It will with any weld. But the more experience you have, the better your
ability is to watch the puddle and know when the slag inclusions, rust,
paint, and gook are boiled to the surface. Still, it is best to prepare the
surface of ANY weld as good as you can and remove "stuff" and get down to
the virgin base metal.
Oilfield welding is done on metal of horrendous conditions due to rust,
water, corrosion, paints, etc. You just do the best with what ya got. A
good oilfield welder is a Rembrandt in taking junk and making it work.

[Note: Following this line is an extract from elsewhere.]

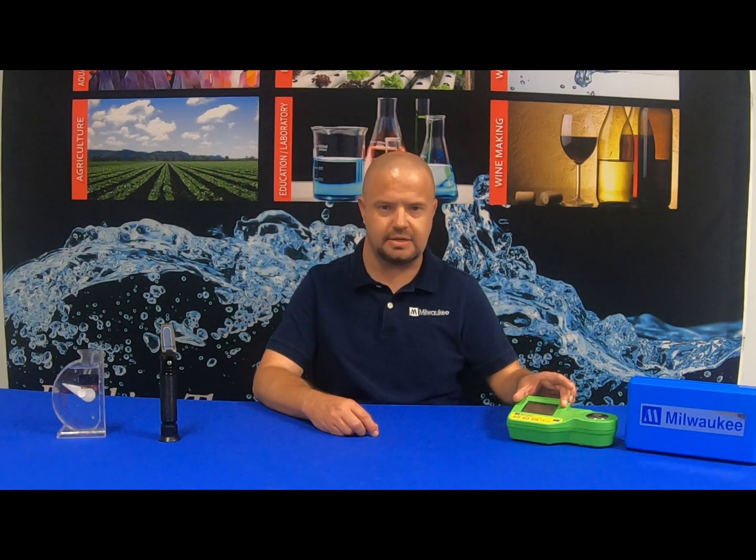With the Milwaukee Instruments MA-887 digital seawater refractometer, it's as simple as turning the unit on, applying your sample to the sample well, hitting the read button — which will then display on the LCD screen — and it also features automatic temperature compensation.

Anyone can weld in a clean shop with still air.
As an aside, I find 99.9% of the TV welding sequences a joke. Some blonde
with big hair. OA rig with no O2 and black boogers floating off a pure
acetylene flame, and the big blonde with big hair wearing a welding helmet.
Guys welding with T shirts, even tacking. That adds up and the formula melanomas. Dumb stuff that in the real world will get you a few days off or
a permanent medical condition.
Don't ask me how I know.
--Yah that's what I figure. I was just wondering if there's some
technique I've yet to master that allows one to push the paint out of the
way, so to speak.. Looks like we'll do a shitload of grinding this coming
"Steamboat Ed" Haas : Politics is a sinkhole for
Hacking the Trailing Edge! : people without hobbies...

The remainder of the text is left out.